Ma si! Affittiamo pure il Colosseo per fare di nuovo i giochi gladiatori. Renzi contro Berlusconi non sarebbe male! Sai i soldi che farebbe la RAI trasmettendo il duello in mondovisione!

It would also fit well into my considerations about World’s New Princedoms. Critical Remarks on Claimed Alternatives by New Life.

And even the recent posting on the Finnish Babybox plays a role.

Finally, is it true then… ? Can progress only be obtained for the price of exclusion ….? How do we define the backyards and the yards of the courts – and how do the rulers of the courts define us who are living in the backyards, occasionally being allowed to have a glimpse over the fence?

Disenchantement. Enlightenment suggested it in different versions as “pure reason”: The French rational citoyen; the German rational bourgeois, the Scottish rational market citizen – all moving rationally forward by the “pursuit of Happiness”.

This had been well summarised a long time ago:

This sphere that we are deserting, within whose boundaries the sale and purchase of labour-power goes on, is in fact a very Eden of the innate rights of man. There alone rule Freedom, Equality, Property and Bentham. Freedom, because both buyer and seller of a commodity, say of labour-power, are constrained only by their own free will. They contract as free agents, and the agreement they come to, is but the form in which they give legal expression to their common will. Equality, because each enters into relation with the other, as with a simple owner of commodities, and they exchange equivalent for equivalent. Property, because each disposes only of what is his own. And Bentham, because each looks only to himself. The only force that brings them together and puts them in relation with each other, is the selfishness, the gain and the private interests of each. Each looks to himself only, and no one troubles himself about the rest, and just because they do so, do they all, in accordance with the pre-established harmony of things, or under the auspices of an all-shrewd providence, work together to their mutual advantage, for the common weal and in the interest of all.

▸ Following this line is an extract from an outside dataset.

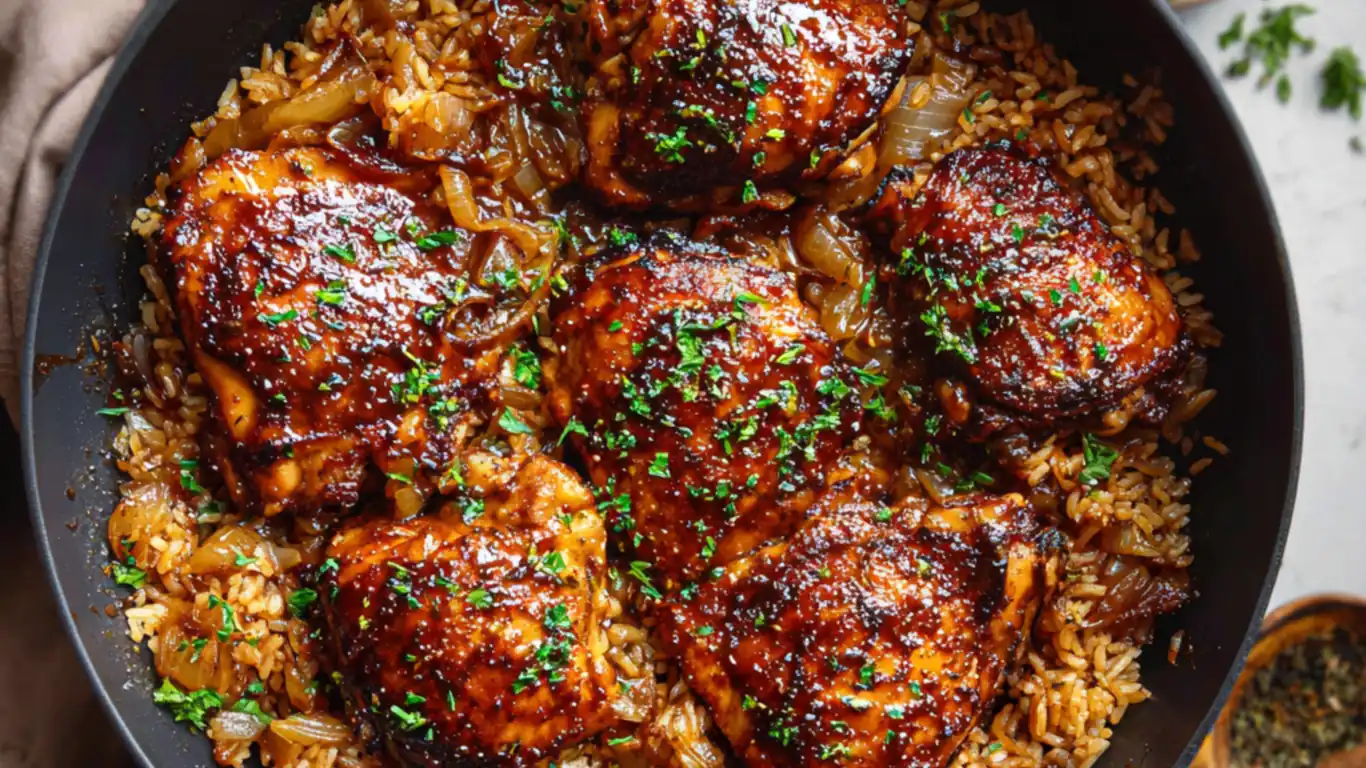 One pan chicken thighs baked with rice and caramelized onions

Now, disenchantment has also some other dimension, bringing dialectically two issues together: It had been said that

[m]en make their own history.[8]

And it had been said that

[t]he philosophers have only interpreted the world, in various ways; the point is to change it.

In this light, thinking about progress has to mean to change the conditions under which we make our history, i.e. to control these conditions under which we make history.

Finally, isn’t it true?

There are no supreme saviours

Neither God, nor Caesar, nor tribune.

 

[1]            Keep also Buechner’s Hessian Courier in mind.

[2]            Barber, Benjamin R.: Consumed. How Markets Corrupt Children, Infantilize Adults, and Swallow Citizens Whole; Bew York/London: W.W. Norton&Company: 169 f., with reference to Marc Gobé, 2001: Emotional Branding. The New Paradigm for Connecting Brands to People; New York: Allworth Press: XIV

[3] Leaving aside the fact that such equality surely had been at no stage absolute.

[4]            Social Policy – Production rather than Distribution. A Rights-Based Approach; Bremen/Oxford: EHV Academicpress; 2014: 89

[5]            Rarely open to the public

[6]            Of course, more or less never open to the public – here religion finds the only location it should be allowed to claim: the private realm.

[7]            Yes, there had been security …

[8]            Yes, women too – just one example for Marx thinking in this way comes from a letter to Kugelmann, written in 1868:

“I think that German women should begin by driving their husbands to self-emancipation.” Actually there are many other references, taking up the immediate role of women and also the reference to assessing progress by looking at the emancipation of women.